Valérie MALABAT - Professeur à l'Université Montesquieu-Bordeaux IV, Institut de sciences criminelles (IEDCP)

Cahiers du Conseil constitutionnel n° 26 (Dossier : La Constitution et le droit pénal) - août 2009

Le bloc de constitutionnalité et plus exactement la Déclaration des droits de l'homme et du citoyen de 1789 expriment le principe fondamental de la matière pénale à savoir le principe de la légalité criminelle. Ce principe dirige évidemment les règles de la responsabilité pénale en posant que « nul ne peut être puni qu'en vertu d'une loi établie et promulguée antérieurement au délit, et légalement appliquée »(1). Mais, il est frappant de relever que les rédacteurs de la Déclaration des droits de l'homme se sont attachés à préciser le support de la norme pénale sans ressentir le besoin de poser des prescriptions concernant le contenu même de cette norme c'est-à-dire pour la responsabilité pénale elle-même.

Sans doute peut-on relever comme exception l'article 8 de la Déclaration qui fonde l'exigence de nécessité des peines en imposant que « la loi ne doit établir que des peines strictement et évidemment nécessaires » ainsi que l'article 5 disposant que « la loi n'a le droit de défendre que les actions nuisibles à la société ». Ces deux textes impliquent non seulement de vérifier la proportionnalité de la peine prévue mais aussi la nécessité de l'incrimination elle-même(2). Toutefois n'ayant jamais utilisé l'article 5 en ce sens, c'est sur le fondement de l'article 8 que le Conseil constitutionnel peut exercer son contrôle sur l'infraction créée par le législateur, à la fois dans son principe même et dans sa mesure. Ce contrôle se révèle toutefois limité pour, semble-t-il, au moins deux raisons.

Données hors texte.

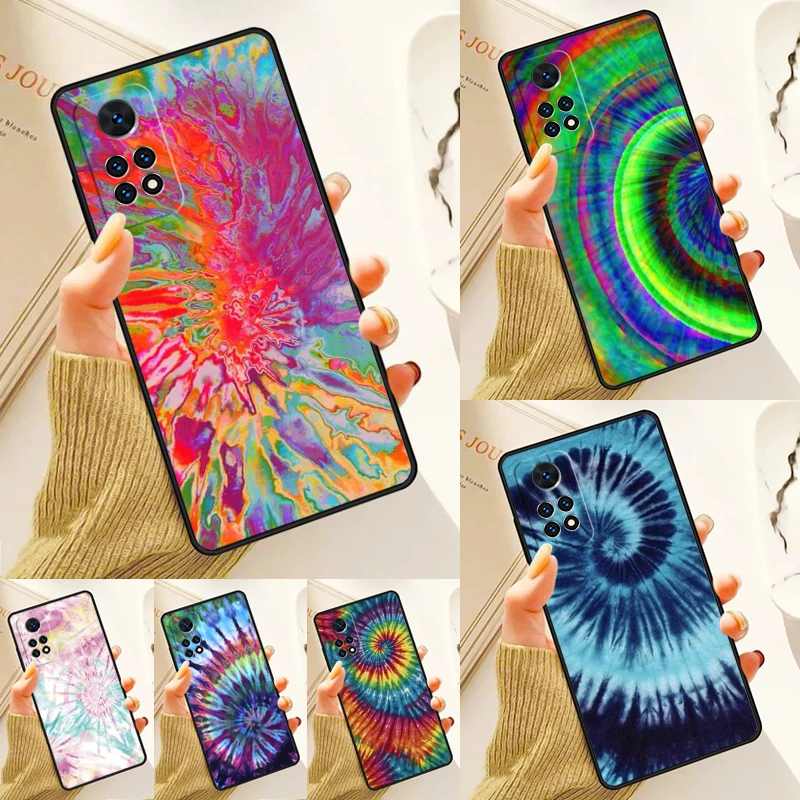 Psychedelic Tie Dye Swirl Art Case For Samsung Galaxy S24 Plus S23 S20 S21FE Lite S22 Ultra Note 20 S8 S9 S10 Phone Coque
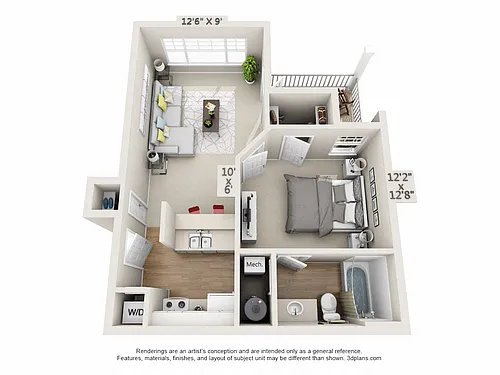 Floor plan Catamaran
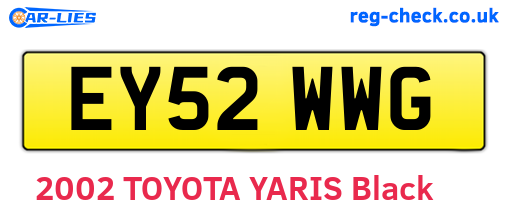 EY52WWG are the vehicle registration plates.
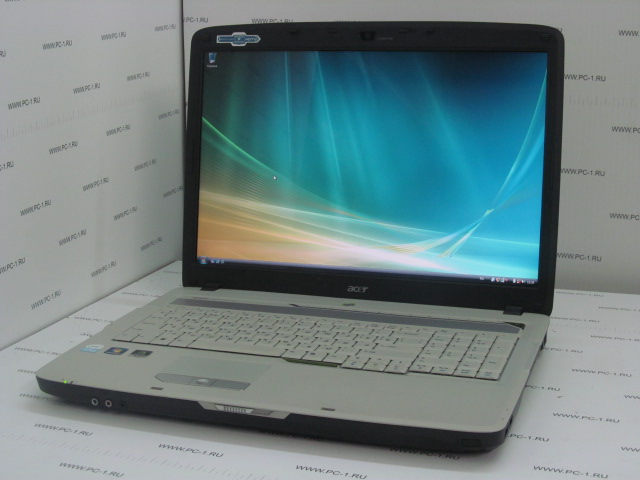 Ноутбук Acer Aspire 7720Z Dual-Core Intel Pentium T2390 (1.86GHz) /DDR2 4Gb /HDD 250Gb /TFT 17" (1440x900) /Video GeForce 9300M G 256Mb /DVD-RW /Wi-Fi /Web-Cam /LAN /Modem /DVI /VGA /4xUSB /1394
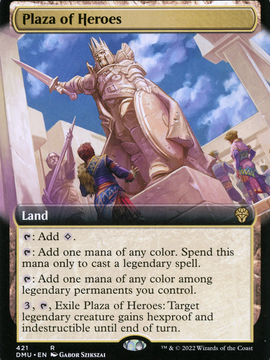 Plaza of Heroes (DMU-421) - Dominaria United: (Extended Art) Foil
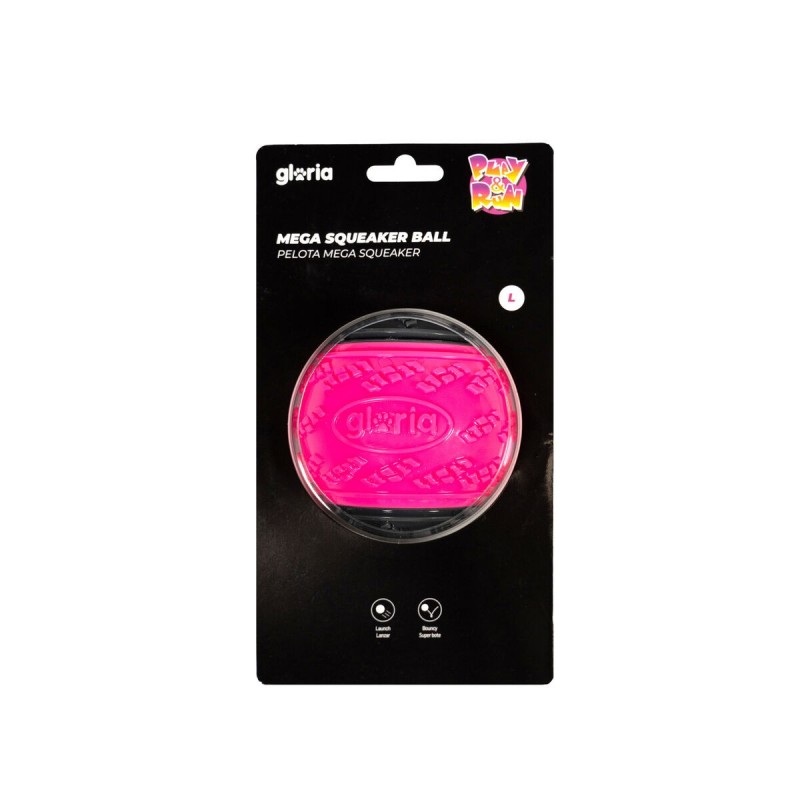 Palla per Animali Domestici Gloria PLAY AND RUN Rosa TPR L 8,89 cm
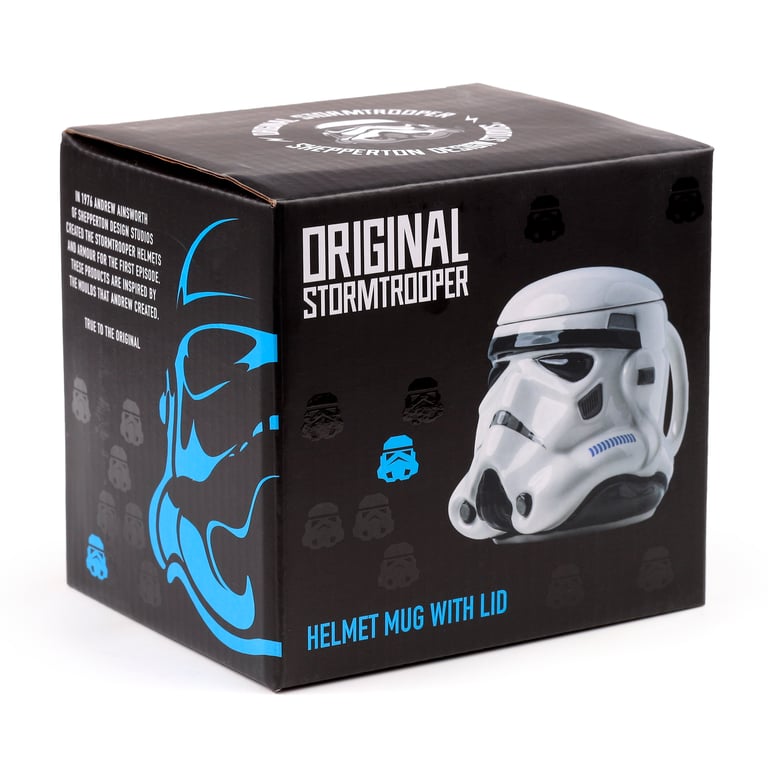 Ceramic Shaped Head Mug - Licensed Stormtrooper Helmet, 550ml, Food Safe Ceramic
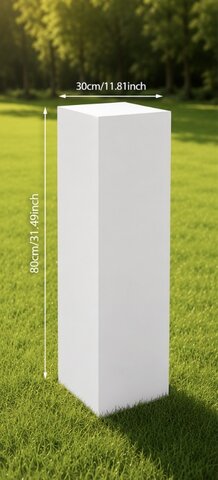 White Rectangular Pedestal – 31” H White Rectangular Pedestal – 31” H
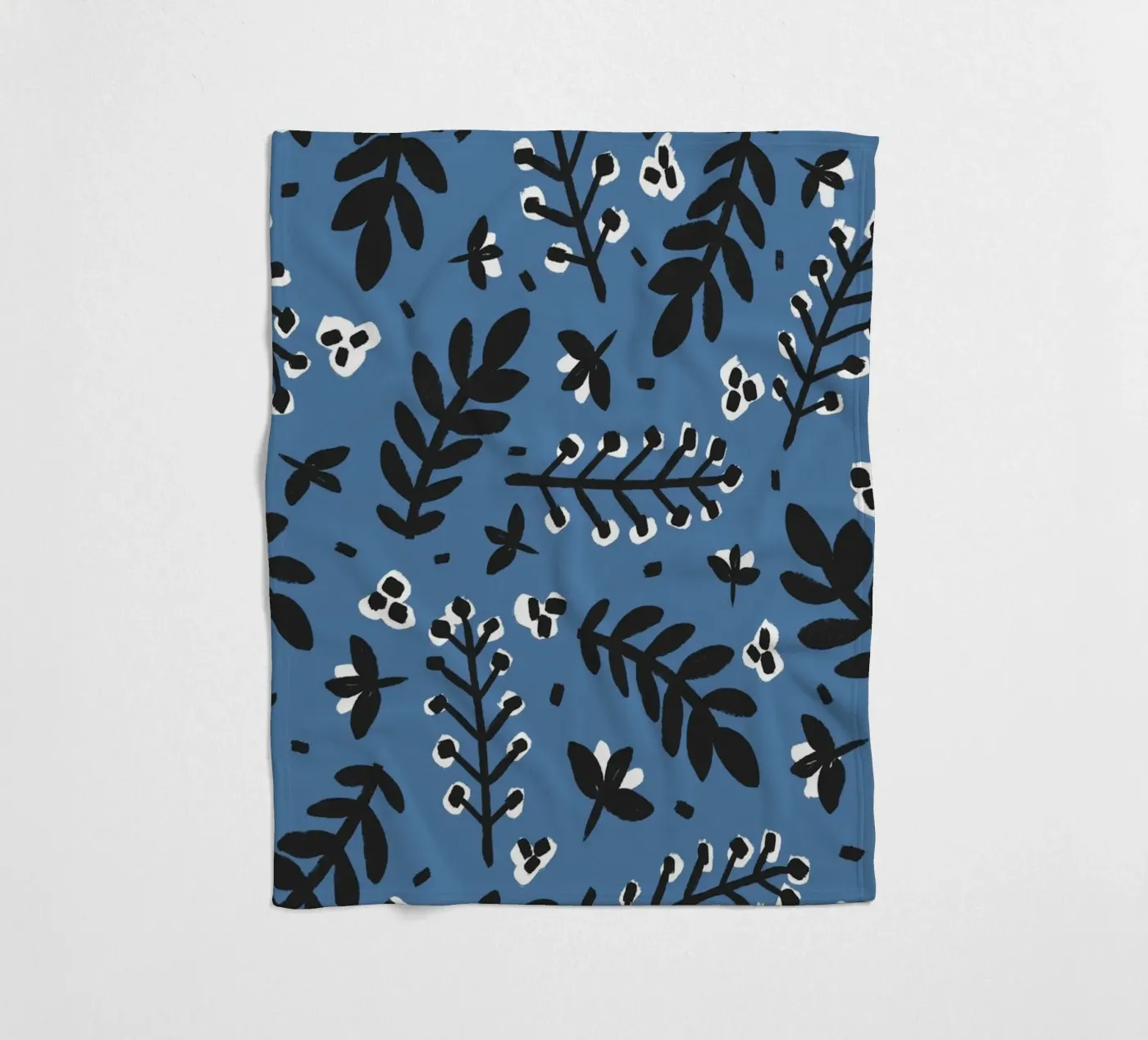 Blue Pattern fleecedeken van treechild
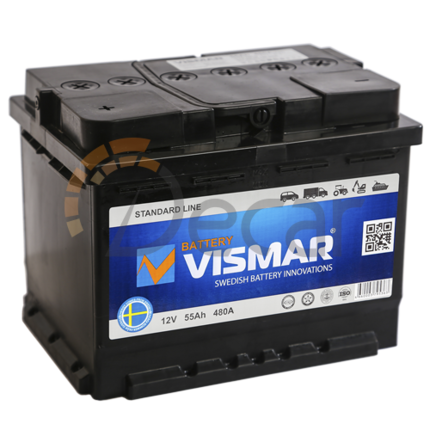 Аккумулятор Vismar Standard Line 55Ah 480A L+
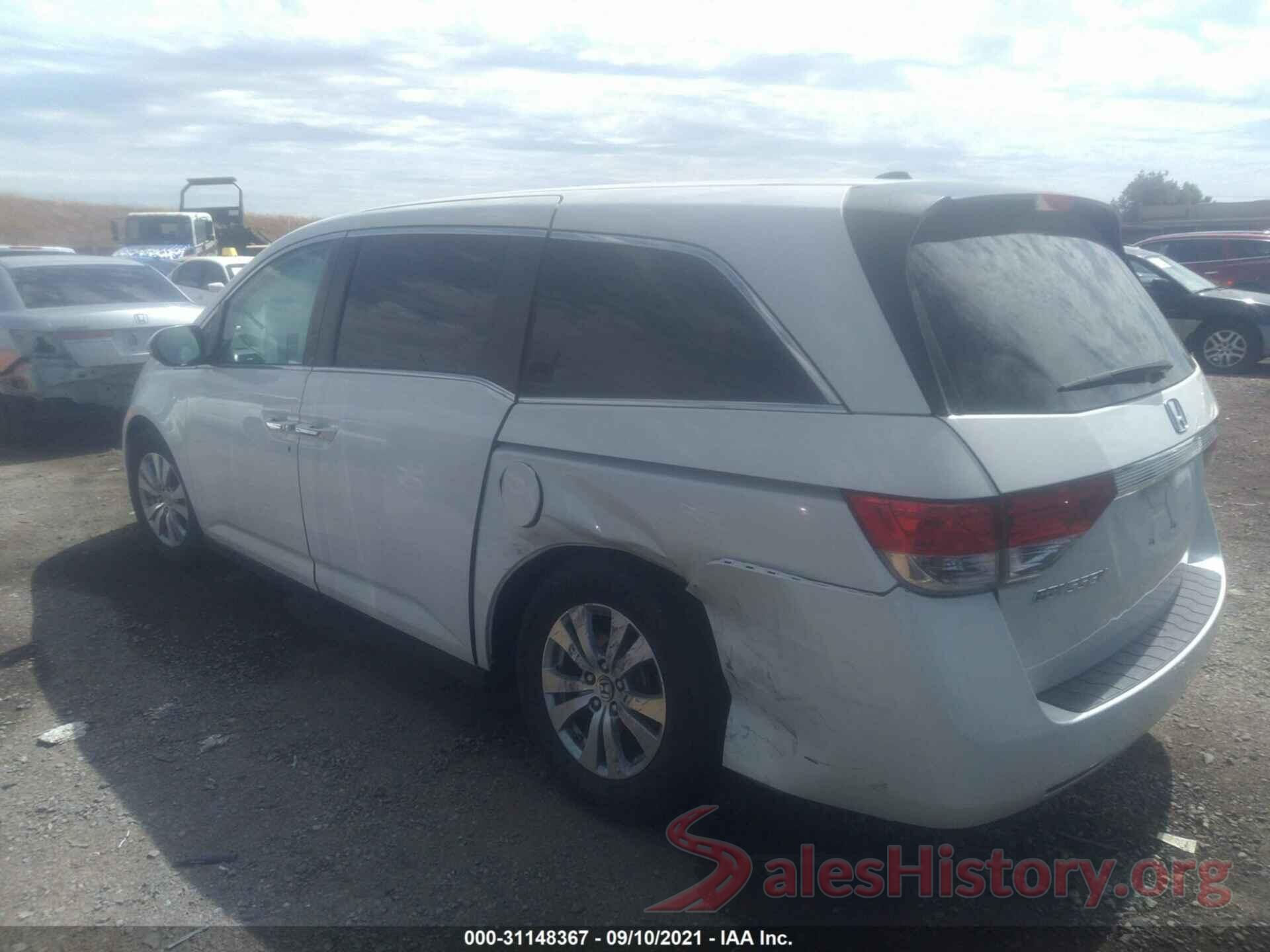 5FNRL5H69GB116278 2016 HONDA ODYSSEY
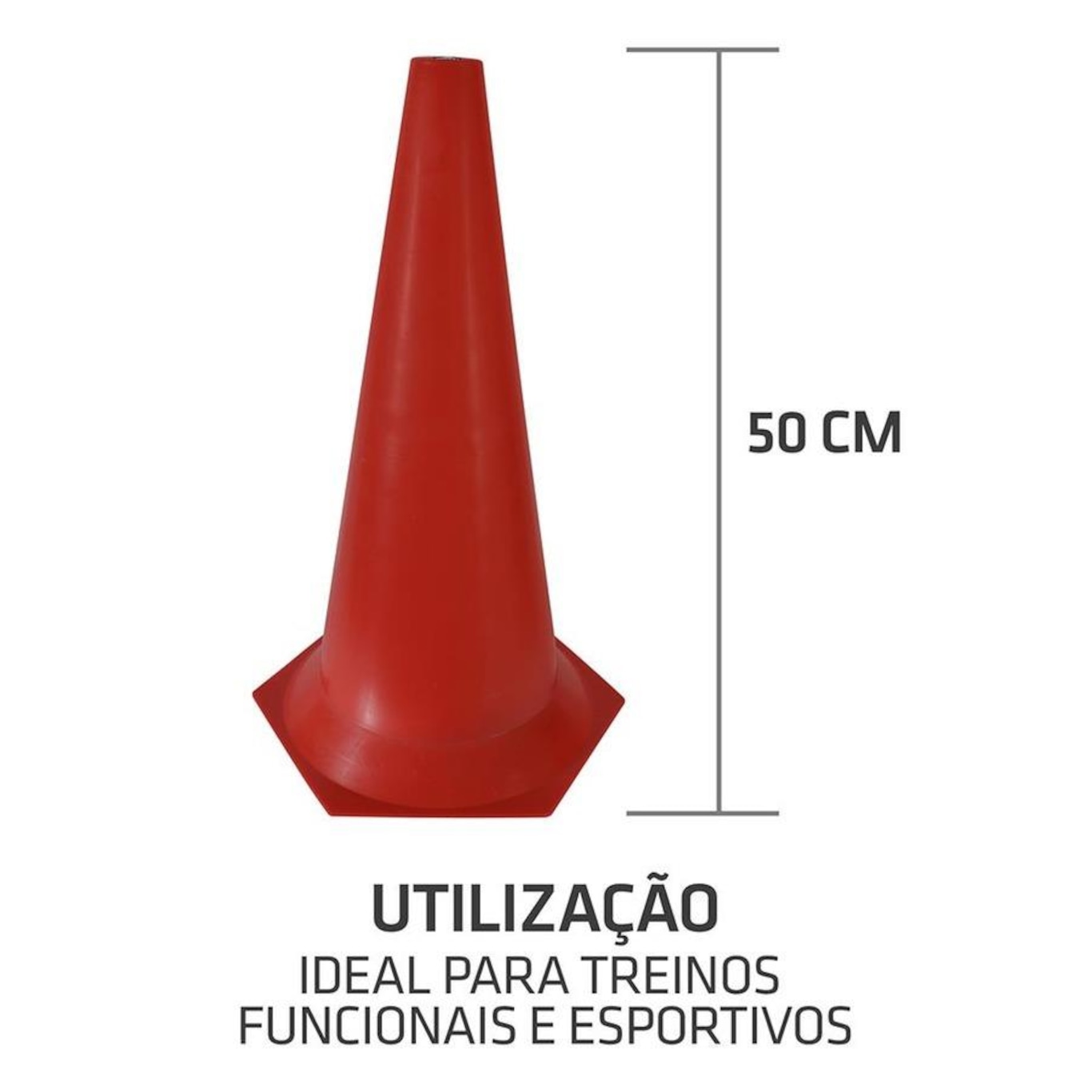 Cone de Marcação de Plástico Muvin 50cm - 8 Unidades - Foto 4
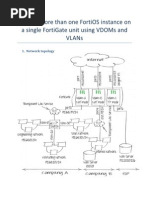 Hosting More Than One Fortios Instance On A Single Fortigate Unit Using Vdoms and Vlans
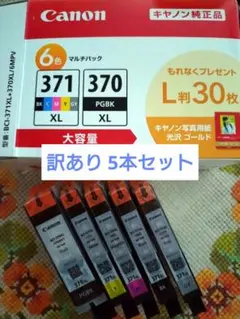 未使用 Canon 純正 BCI-370 BCI-371 インク大容量５本セットのサムネイル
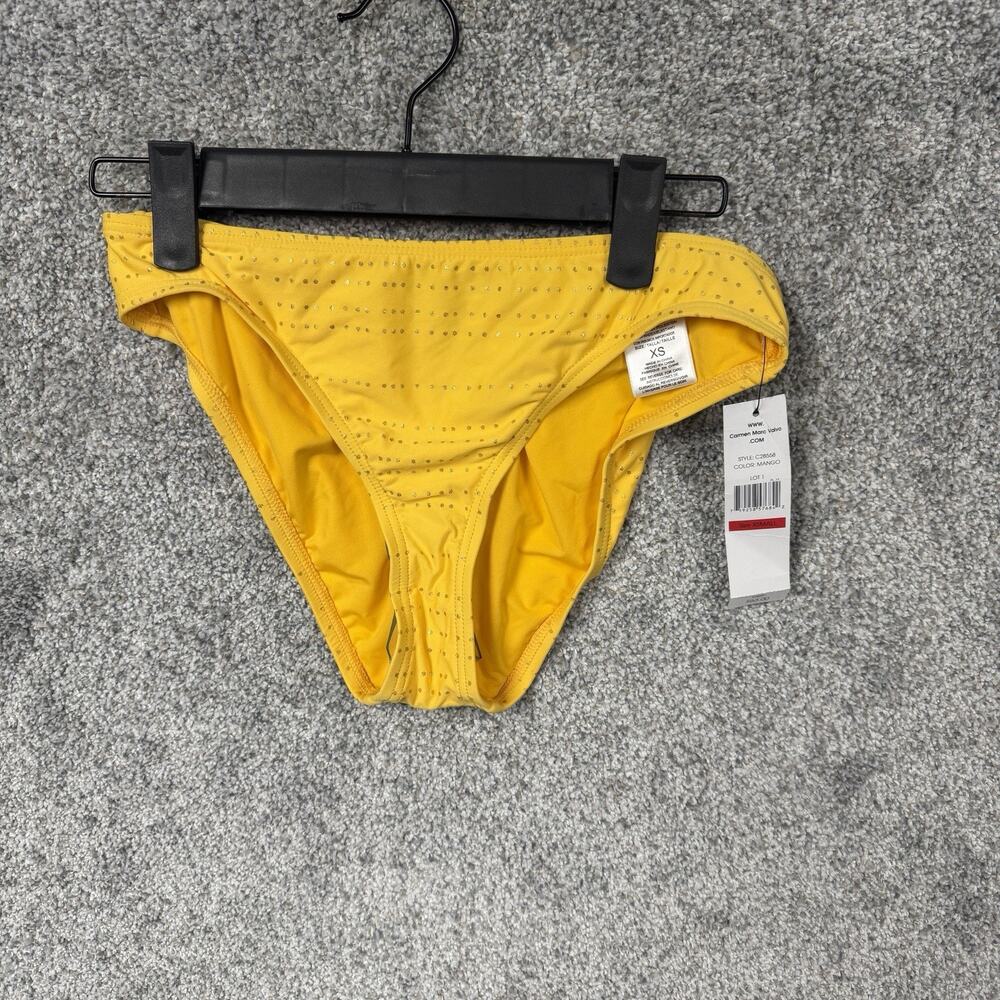 Carmen Marc Valvo Bikini Bottom XS Resort Glam Designer Swim Luxe Mediterranean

Tout d'abord, on s'aperçoit que le Conseil se consacre davantage au principe de proportionnalité des incriminations qu'à celui de leur nécessité. Le Conseil constitutionnel a certes pu poser « qu'il est loisible au législateur de prévoir de nouvelles infractions en déterminant les peines qui leur sont applicables ; que, toutefois, il lui incombe d'assurer, ce faisant, la conciliation entre les exigences de l'ordre public et la garantie des droits constitutionnellement protégés »(3) faisant ainsi implicitement référence au principe de nécessité des incriminations. Mais il se contente en réalité de vérifier la nécessité des peines à travers le contrôle de leur seule proportionnalité. Ce contrôle est par ailleurs limité, le Conseil constitutionnel considérant qu'en l'absence de disproportion manifeste entre l'infraction et la peine encourue, il ne lui « appartient pas de substituer sa propre appréciation à celle du législateur en ce qui concerne la nécessité des peines attachées aux infractions définies par celui-ci »(4).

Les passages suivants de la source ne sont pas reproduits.